Первый раз я попала в театр — по-моему, в Театр имени Станиславского и Немировича-Данченко — днем, на «Царскую невесту», и была, конечно, покорена, унеслась мечтами в сказочный мир. Сраженная музыкой, красотой, волшебством, самим театром, придя домой, я села под стол, подняла, как в шатре, скатерть и запела нечто похожее на оперу. И с тех пор, как только я оставалась одна, а это было почти каждый день, я наряжалась в какие-то диковинные самодельные костюмы, украшала голову то бумажными коронами, то шляпами и пела какие-то вымышленные арии, потому что, конечно, запомнить музыку с первого раза я не могла, а петь о чем-то красивом хотелось.

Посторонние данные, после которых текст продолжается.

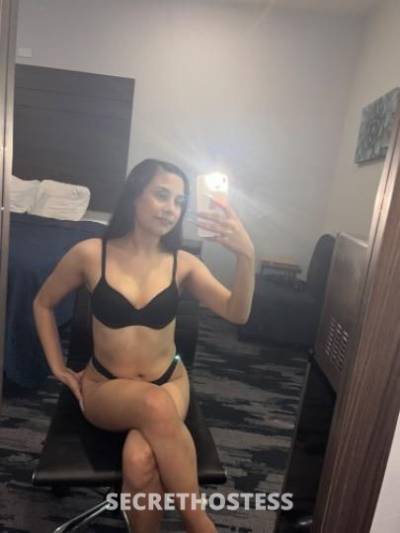 20Yrs Old Escort 149CM Tall San Antonio TX Image - 2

В двенадцать лет я уже готовила обед для всей нашей семьи. Меню обычное: щи, картошка и капуста или винегрет. И всегда, когда я чистила картошку, пела свои арии, с неизменной шляпой на голове. Жили мы на первом этаже, и с улицы меня хорошо было видно. Так во дворе я получила прозвище «Шаляпин». О том, что был такой великий певец, я не знала и думала, что дразнят меня Шаляпиным из-за шляпы. Но в ней я казалась себе красивее, поэтому упорно ее не снимала. В нашем дворе стоял семиэтажный дом (он и сейчас еще цел), его третий этаж украшала скульптура рыцаря, а парадный вход в то время был расписан какими-то картинами из эпохи Средневековья. Мраморные лестницы вели наверх. Вот именно там, где были эти почерневшие картины и лестницы, мы устроили свой дворовый театр, который я назвала для себя «Театром волшебной сказки». Там мы ставили свои сочиненные по сказкам спектакли. Мне приходилось играть мужские роли, так как мальчиков у нас не было, а все девочки хотели быть принцессами и обязательно красивыми. Костюмы мастерили из всего, что удавалось стащить из дому. Родители у всех работали, бабушек почти ни у кого не было — мы были предоставлены сами себе и делали что хотели.
В школе я училась хорошо, но, пожалуй, старалась только для того, чтобы на меня не обращали внимания и оставили бы в покое — не вызывали родителей, не ругали… В школе я выполняла минимум требований, а вся моя настоящая жизнь сосредоточилась на книгах, нашем театре и на несбыточных, странных мечтах. Перечитав маленькой девочкой почти все имевшиеся тогда в театральной библиотеке мемуары великих артистов, я стала рисовать себя во всех желанных ролях, и долго в моем школьном портфеле, который хранился у моей сестры Антонины, лежали два рисунка с надписями: «Я в роли Маргариты Готье в день моего славного 25-летия сценической деятельности» и «Я в роли Клеопатры в день моего славного 50-летия».
Я буквально пропадала в театральной библиотеке, перечитала все журналы «Рампа и жизнь», «Театр и искусство», знала всех актеров и антрепренеров по именам и фамилиям, разыскивала старые газетные рецензии, театральные фельетоны и прочее в том же духе. И когда я, будучи юной артисткой Театра сатиры, разговорилась с Владимиром Яковлевичем Хенкиным, он был поражен моими познаниями, так как тех людей, о которых я читала, он знал лично, но все это было до революции, а я пришла в театр в 1948 году, уже после Великой Отечественной войны.
В далекие предвоенные годы я подружилась с Катей Розовской, в замужестве Дыховичной, и вот уже семьдесят лет она является моей лучшей, любимой подругой. Мы вместе играли в куклы, вместе мечтали о сцене. Я стала артисткой, она — театроведом. Теперь у нее уже внук, у меня — только Театр. Только рожденные мною роли. Но это не так уж мало.
Семья Кати — интеллигентная еврейская семья — была еще менее благополучна, чем наша. Отец ее был репрессирован в 1933 году. Катя с мамой чудом уцелели. Мама оставляла ей еду на целый день, а сама уходила на работу. Катя по доброте душевной делилась всем со мной. В те годы я была на вид здоровущая, краснощекая девчонка, а Катя — худенькая, хрупкая, с огромными черными прекрасными глазами. Она меня угощала бутербродами, я все съедала, а потом ее мама, видя произведенные нами опустошения, частенько говорила: «Опять этот Стенька Разин все съел». Стенькой Разиным была я. Обретя подружку, так же любящую театр, я вступила в интереснейшую полосу жизни. Мы только и знали что бегали в театр, в театральную библиотеку и всё мечтали, как будем артистками.